The data must be transcribed exactly, with no line missing.
===== Data for review =====
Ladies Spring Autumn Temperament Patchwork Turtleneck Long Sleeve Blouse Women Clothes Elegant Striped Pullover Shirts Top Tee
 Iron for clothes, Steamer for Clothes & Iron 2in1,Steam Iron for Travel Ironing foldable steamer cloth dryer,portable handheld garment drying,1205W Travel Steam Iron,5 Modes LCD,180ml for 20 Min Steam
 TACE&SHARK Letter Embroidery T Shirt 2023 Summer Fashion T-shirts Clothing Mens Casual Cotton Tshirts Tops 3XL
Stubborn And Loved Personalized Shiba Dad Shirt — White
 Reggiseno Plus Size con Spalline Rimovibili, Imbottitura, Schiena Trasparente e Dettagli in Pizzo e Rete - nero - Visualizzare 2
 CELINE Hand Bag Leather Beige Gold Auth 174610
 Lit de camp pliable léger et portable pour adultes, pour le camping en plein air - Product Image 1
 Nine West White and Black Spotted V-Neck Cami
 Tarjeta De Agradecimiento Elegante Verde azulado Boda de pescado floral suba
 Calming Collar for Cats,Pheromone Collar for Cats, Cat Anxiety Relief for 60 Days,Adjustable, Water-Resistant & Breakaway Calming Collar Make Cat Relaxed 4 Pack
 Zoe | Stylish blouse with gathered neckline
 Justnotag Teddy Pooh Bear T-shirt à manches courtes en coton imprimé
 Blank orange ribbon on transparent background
=====
- Written response:
Ladies Spring Autumn Temperament Patchwork Turtleneck Long Sleeve Blouse Women Clothes Elegant Striped Pullover Shirts Top Tee
 Iron for clothes, Steamer for Clothes & Iron 2in1,Steam Iron for Travel Ironing foldable steamer cloth dryer,portable handheld garment drying,1205W Travel Steam Iron,5 Modes LCD,180ml for 20 Min Steam
 TACE&SHARK Letter Embroidery T Shirt 2023 Summer Fashion T-shirts Clothing Mens Casual Cotton Tshirts Tops 3XL
Stubborn And Loved Personalized Shiba Dad Shirt — White
 Reggiseno Plus Size con Spalline Rimovibili, Imbottitura, Schiena Trasparente e Dettagli in Pizzo e Rete - nero - Visualizzare 2
 CELINE Hand Bag Leather Beige Gold Auth 174610
 Lit de camp pliable léger et portable pour adultes, pour le camping en plein air - Product Image 1
 Nine West White and Black Spotted V-Neck Cami
 Tarjeta De Agradecimiento Elegante Verde azulado Boda de pescado floral suba
 Calming Collar for Cats,Pheromone Collar for Cats, Cat Anxiety Relief for 60 Days,Adjustable, Water-Resistant & Breakaway Calming Collar Make Cat Relaxed 4 Pack
 Zoe | Stylish blouse with gathered neckline
 Justnotag Teddy Pooh Bear T-shirt à manches courtes en coton imprimé
 Blank orange ribbon on transparent background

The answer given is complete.